Cela fait en une journée 2h06 de temps d’attente et encore, ce jour-là, je n’ai pas eu à prendre de train, je n’ai pas eu de rendez-vous chez le dentiste, mais rien à faire : attendre plus que jamais, de nos jours veut dire pour nous « perdre son temps ». Nous sommes les fils et les filles de l’impatience. Ce que nous désirons nous le voulons de suite. Nous n’avons l’impression de ne nous accomplir que dans le faire. Et notre vie d’église n’échappe pas à la règle. Si je présente le culte comme un temps silencieux d’une heure d’attente du retour du Christ, la plupart de vous – y compris les auditeurs – penseront avoir vraiment perdu leur temps. Il faut dire qu’aux côtés du Christ nous sommes face à un défi d’une bien plus grande dimension encore. Nous attendons son retour depuis 1980 ans et ce retour est toujours imminent pour l’église.
Jésus ne voudrait-il pas abuser ainsi de notre patience ? L’enseignement du texte de l’évangile de ce matin est particulièrement éloquent. Il ne nous dit rien de la durée du temps que nous devons attendre pour se consacrer totalement au comment devons nous attendre. Verset 40 : Vous aussi, tenez-vous prêts, car le Fils de l’homme viendra à l’heure où vous n’y penserez pas. Dans ce verset central pour notre texte Jésus joint deux paradoxes absolus : le premier, comment être prêts sans connaître le moment où l’événement de produira. Lorsque nous nous préparons à partir à une fête de famille, si je veux exiger que tout le monde soit prêt c’est que justement chacun sait à quelle heure nous allons partir. Là si Jésus ne nous dit rien du moment de son retour, comment pourrions-nous être prêts ? À moins que ce ne soit justement pas d’un événement tel que nous l’imaginons dont il nous parle, et une autre manière d’envisager le retour de celui qui est présent avec nous jusqu’à la fin des temps ?

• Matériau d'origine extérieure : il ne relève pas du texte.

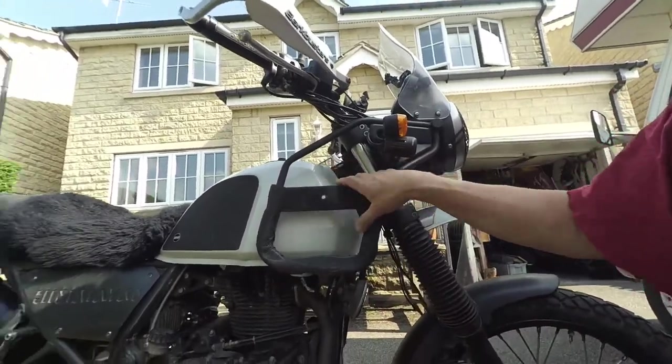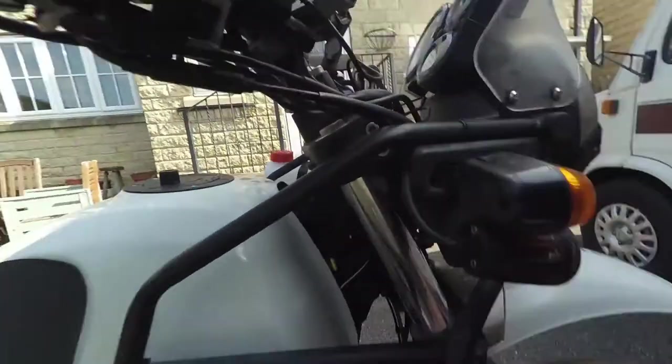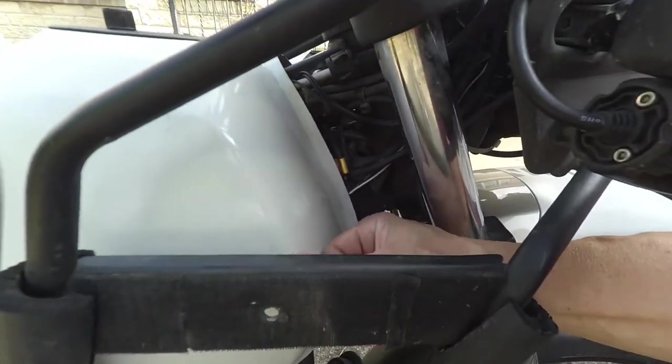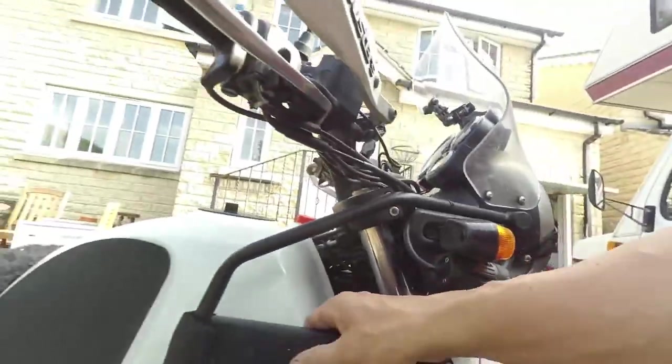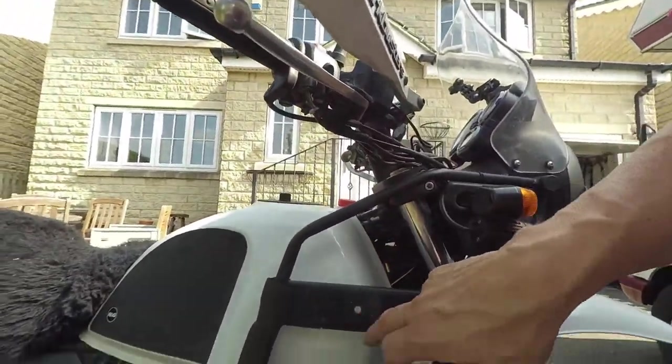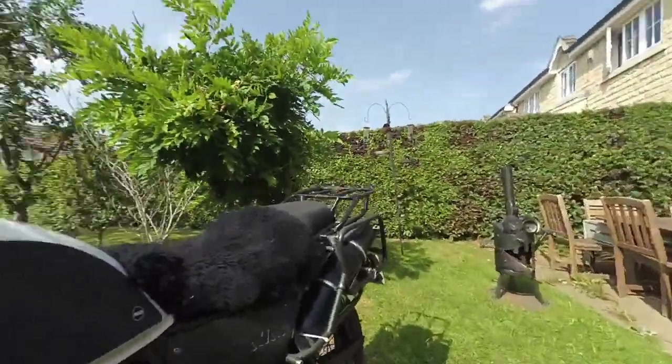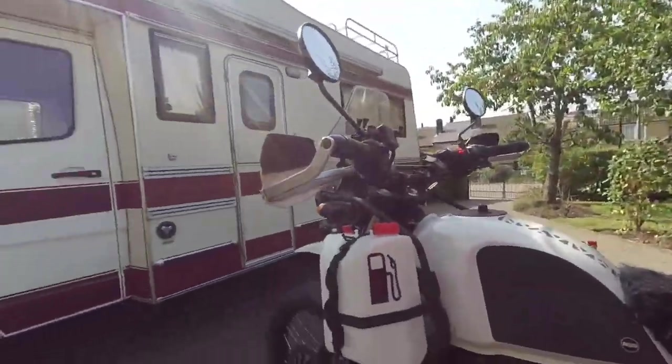Obviously I've drilled a hole through there. I did make the mistake of not putting a block of wood behind it when drilling, and I nicked my tank, but a little bit of nail varnish on there will stop it rusting. Obviously I've painted that hole. The one on this side is exactly the same.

Le second paradoxe : le fils de l’homme viendra à l’heure où vous n’y penserez pas, alors que justement il nous engage lui-même à ne pas cesser d’y penser. Il faudrait presque ne plus croire à son retour pour que l’événement se produise. Est-ce bien sérieux ?
Lorsque Jésus nous invite à la vigilance soutenue décrite dans ce texte, ce n’est sans doute pas tant pour nous préparer à un événement précis, mais bien plus pour nous enseigner cette nouvelle manière d’être que chacun reçoit dans la foi. Et c’est la réponse faite par Jésus à Pierre qui en donne tout le contenu. Cette parabole nous décrit deux réactions opposées et toutes deux destinées à répondre à l’impatience de ses serviteurs. La première, c’est de savoir équilibrer ce temps d’attente. « Donner la nourriture au temps convenable », c’est la figure de l’intendant avisé, qui sait ne pas s’impatienter face au retard du retour des noces de son maître et qui ne donne pas tout quand il le veut, mais peu, ce qui est convenable, quand il le faut.
Le second, lui, précipite les choses. Il se sent obligé de juger du temps, de juger de tout d’ailleurs, il se met à battre les serviteurs et à s’enivrer, c’est vraiment l’image de celui qui brusque le temps, qui veut hâter les choses et par là même les retarde, puisque le fils de l’homme viendra au moment où vous n’y penserez pas ! Facile pour nous de comprendre cet avertissement, nous sommes des as de la consommation et toutes nos familles connaissent bien la distinction que fait Jésus dans cette parabole. Il y a les grandes surfaces et le petit commerçant de votre quartier. Dans une grande surface équipés de votre caddie et astucieusement dirigés par les experts en marketing, dans une ambiance lumineuse et musicale, vous allez gonfler votre caddie bien au-delà de ce qui vous est nécessaire. Vous avez beau avoir fait une liste stricte de vos menus de la semaine, les actions qui s’étalent devant vous vont grossir vos appétits sous prétexte - et c’est un comble - d’économie. C’est bien sûr beaucoup moins cher, mais comme vous achetez beaucoup plus, vous dépenserez toujours plus que prévu. Chez votre petit commerçant qui est à côté de chez vous et pour autant que ce dernier possède une palette suffisante de produits, chaque jour avec votre panier vous achèterez juste ce dont vous avez besoin et pour un temps convenable.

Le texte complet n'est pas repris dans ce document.